= Task objective =
Could you copy every entry exactly, dropping the pictures?

= Information =
= Beginning of Section =
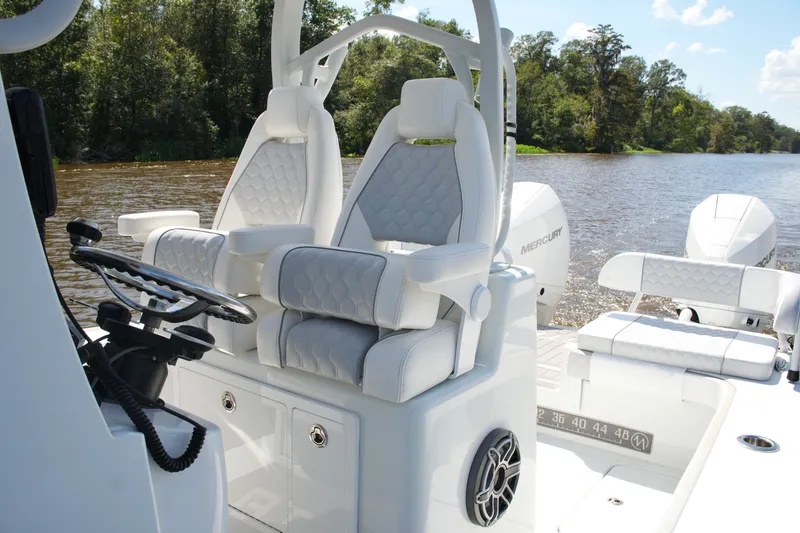 Slide: The Image of 2024 Costa Custom Boats 264HC with luxurious seating on a scenic river. - 33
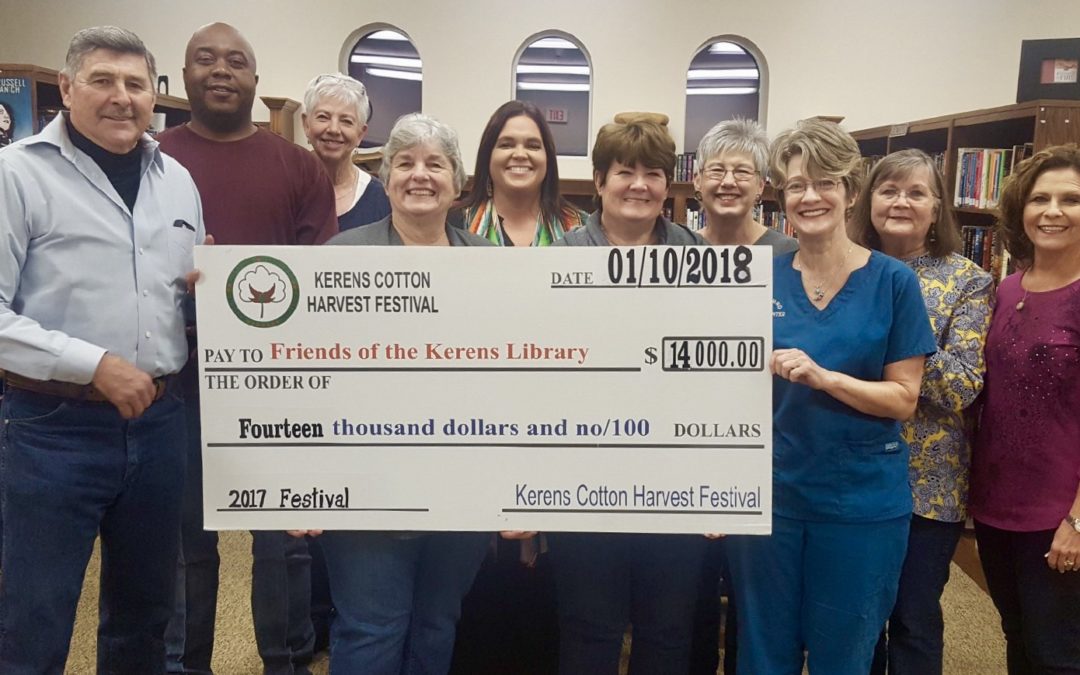The Kerens Cotton Harvest Festival Committee presented a $14,000 check to the Kerens Library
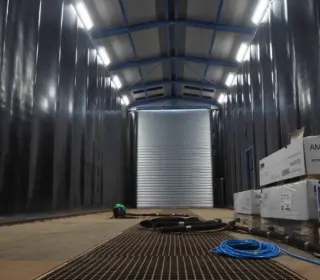 he enclosure of a surface treatment facility where blasting takes place.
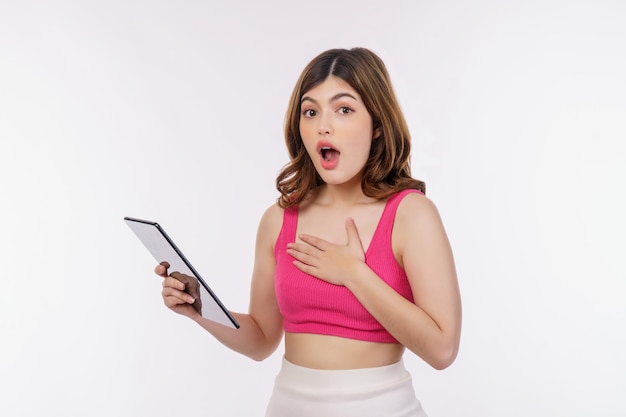 Portrait of excited young woman holding tablet isolated over white background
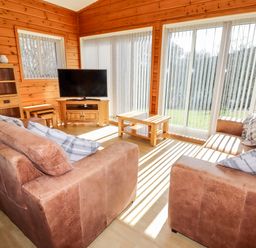 A living room with two brown sofas a wooden coffee table a TV on a wooden stand and large windows with vertical blinds at Watersview Lodge Rudyard near Leek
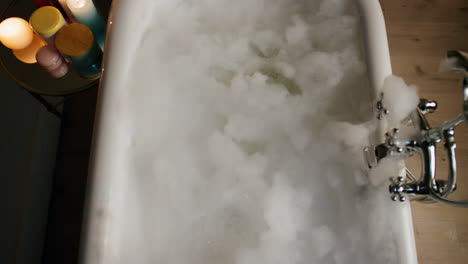 luxury bathtub foamy water at candles room top view. bubbles filled bath evening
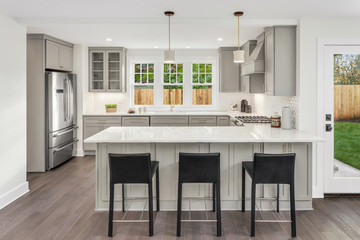 Kitchen in New Home with Bar Seating and Stainless Steel Appliances 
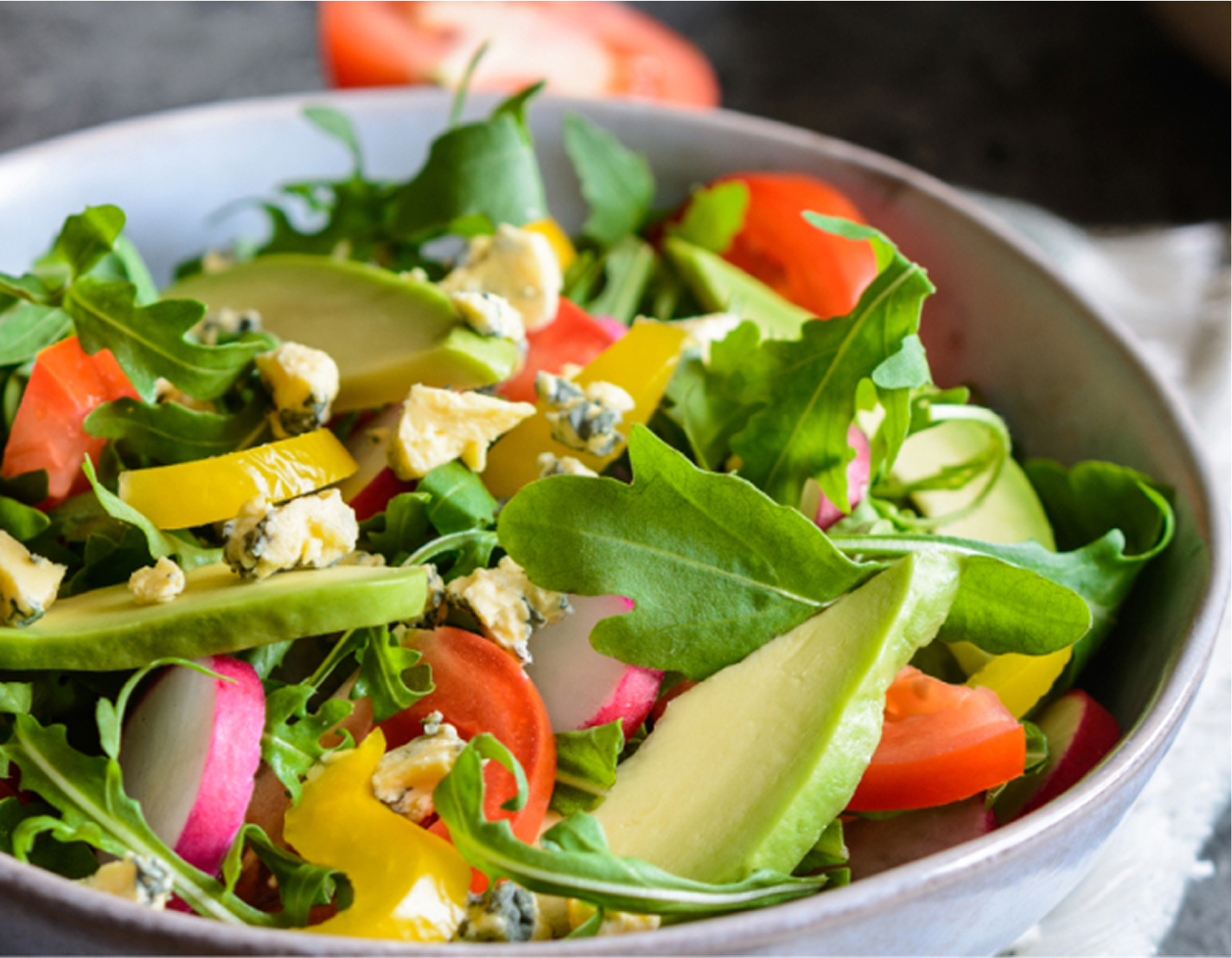A bowl of fresh salad containing arugula, sliced tomatoes, cucumber, yellow bell peppers, radishes, crumbled blue cheese, and avocado slices.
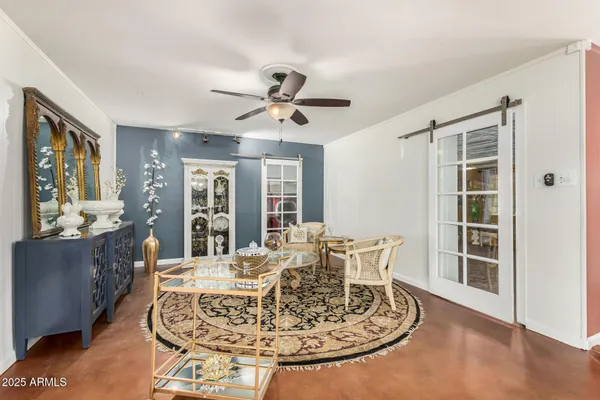 a living room with furniture and a chandelier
= End of Section =
= Solution to the problem =
 Slide: The Image of 2024 Costa Custom Boats 264HC with luxurious seating on a scenic river. - 33
The Kerens Cotton Harvest Festival Committee presented a $14,000 check to the Kerens Library
 he enclosure of a surface treatment facility where blasting takes place.
 Portrait of excited young woman holding tablet isolated over white background
 A living room with two brown sofas a wooden coffee table a TV on a wooden stand and large windows with vertical blinds at Watersview Lodge Rudyard near Leek
 luxury bathtub foamy water at candles room top view. bubbles filled bath evening
 Kitchen in New Home with Bar Seating and Stainless Steel Appliances 
A bowl of fresh salad containing arugula, sliced tomatoes, cucumber, yellow bell peppers, radishes, crumbled blue cheese, and avocado slices.
 a living room with furniture and a chandelier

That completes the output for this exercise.